La part des jeunes de moins de 25 ans atteint 15% sur la 2éme vague, alors qu’elle était de 10% durant la 1ére vague, alors qu’ils représentent 11% des salariés du privé.

Les hommes représentent 54% des bénéficiaires durant la 2éme vague (contre 58% durant la 1ére), alors qu’ils constituent 55% des salariés du secteur privé.

 

-Enfin, 650 000 entreprises ont recouru au PGE.

 

♦ La fréquence des recours

 

-La grande majorité de ces entreprises avaient déjà recouru à au moins une aide dès la 1ére vague.
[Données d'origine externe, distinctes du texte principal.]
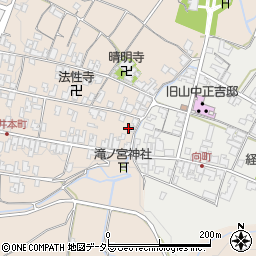 滋賀県蒲生郡日野町村井1331周辺の地図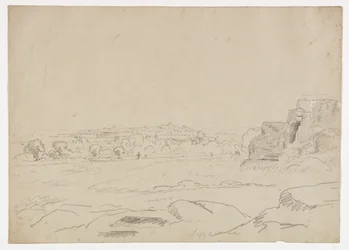 Syracuse en het graf van Timoleon, Sicilië, 1842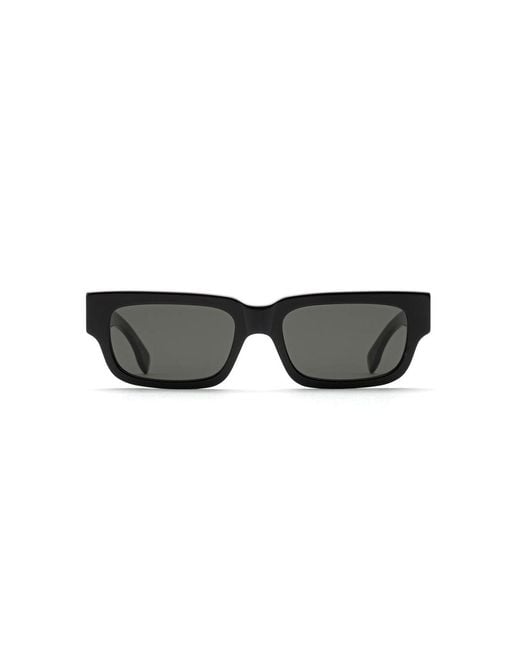 Retrosuperfuture Black Wch Roma Sunglasses Acetate Squared Normal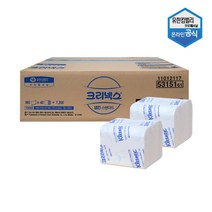 [유한킴벌리] 크리넥스 냅킨 180매 x 40밴드 총7200매 1박스 5315161, 상세 설명 참조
Les nouvelles entreprises bénéficiaires lors de la deuxième vague s’élèvent à 239 000 pour le fonds de solidarité, 46 000 pour l’activité partielle et 75 000 pour le PGE. 

 

-Les dispositifs ont continué d’être mobilisés plus intensivement par les petites entreprises durant la 2éme vague : les TPE (18% de l’emploi marchand), concentrent 63% du montant total du fonds de solidarité (99% pour la 1ére vague), 33% de l’activité partielle (27% durant la 1ére vague), 49% du reste à recouvrer des reports de cotisations sociales et 29% du volume des PGE (inchangé).

En revanche, les entreprises faisant partie d’un groupe (52% des salariés), concentrent 65% des PGE, 50% des montants d’activité partielle (contre 60% durant la 1ére vague), 40% des reports de cotisations et 15% du fonds de solidarité (contre 1% durant la première vague).

 

♦ Le recours à un ou plusieurs dispositifs : quel dispositif et quelle taille d’entreprises ?

 

Parmi les entreprises ayant eu recours à au moins un dispositif, une part substantielle n’a eu recours qu’à un seul dispositif durant la 2éme vague, tout comme durant la 1ére.
-Dans les entreprises de 5 à 10 salariés, 40% des entreprises recourantes ont eu recours à un seul dispositif : 18% ont à fin mars 2021 encore des reports de cotisations, 14% un PGE en cours, 7% ont demandé de l’activité partielle et moins de 1% le fonds de solidarité,
-Dans les entreprises de 10 à 250 salariés, cette proportion de « mono-recourantes » est de 43% : 15% ont à fin mars encore des reports de cotisations, 16% un PGE en cours et 12% de l’activité partielle,
-Dans les entreprises de plus de 250 salariés, elles sont 52% : 18% des reports de cotisations, 3% un PGE en cours, 31% de l’activité partielle.

 

L’intensité du recours en 2éme vague varie selon les secteurs : dans l’agriculture, 84% des entreprises recourantes n’ont eu recours qu’à un seul dispositif, 74% dans les activités immobilières, 70% dans l’informatique et communication vs 29% pour les HCR (contre 39% durant la 1ére vague) ; cette proportion est supérieure à 50% dans tous les autres secteurs.

 

La part des entreprises ayant cumulé au moins 3 aides décroît fortement avec la taille : 31% pour les entreprises de 5 à 10 salariés, 25% pour les entreprises de 10 à 250 salariés, et 12% pour les entreprises de plus de 250 salariés.

 

Dans les HCR qui ont eu recours à au moins un dispositif, la part de celles ayant cumulé au moins 3 aides est nettement plus élevée que dans l’ensemble des secteurs : durant la 2éme vague, cette part est égale à 71% pour les entreprises de 5 à 10 salariés (dont 28% ayant cumulé 4 dispositifs), de 73% pour les entreprises de 10 à 250 salariés (dont 31% ayant cumulé 4 dispositifs,) et de 58% pour les entreprises de plus de 250 salariés (dont 21% ayant cumulé 4 dispositifs) ; pour ces derniéres, l’appel à l’extension du fonds de solidarité a été forte (45% de bénéficiaires, contre 0% en 1ére vague).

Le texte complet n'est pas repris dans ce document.